About this exercise —
An exact, complete printout of the listing is wanted, minus its images.

Collected material —
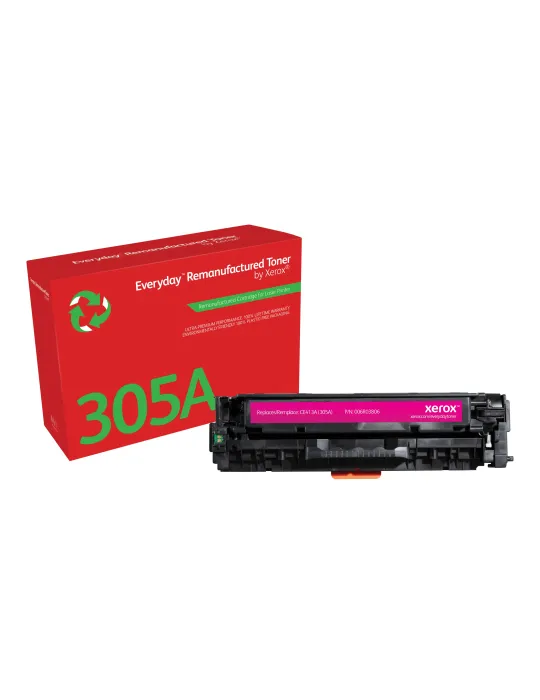 Toner rigenerato Everyday™ di Xerox Magenta compatibile con HP 305A (CE413A), Capacità standard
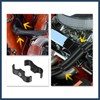 INFINAUTO AN12 Car Auto Hose Separator Clamp Fuel Line Connector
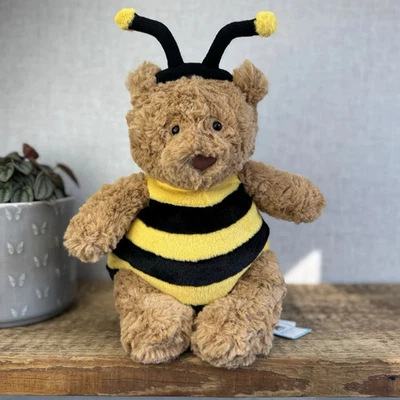 Jellycat Bartholomew Bear Bumblebee BNWT - image 1 of 4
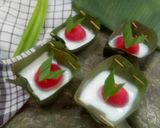Foto langkah ke 6 dari resep Putri Mandi merah putih.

Task output —
 Toner rigenerato Everyday™ di Xerox Magenta compatibile con HP 305A (CE413A), Capacità standard
 INFINAUTO AN12 Car Auto Hose Separator Clamp Fuel Line Connector
 Jellycat Bartholomew Bear Bumblebee BNWT - image 1 of 4
Foto langkah ke 6 dari resep Putri Mandi merah putih.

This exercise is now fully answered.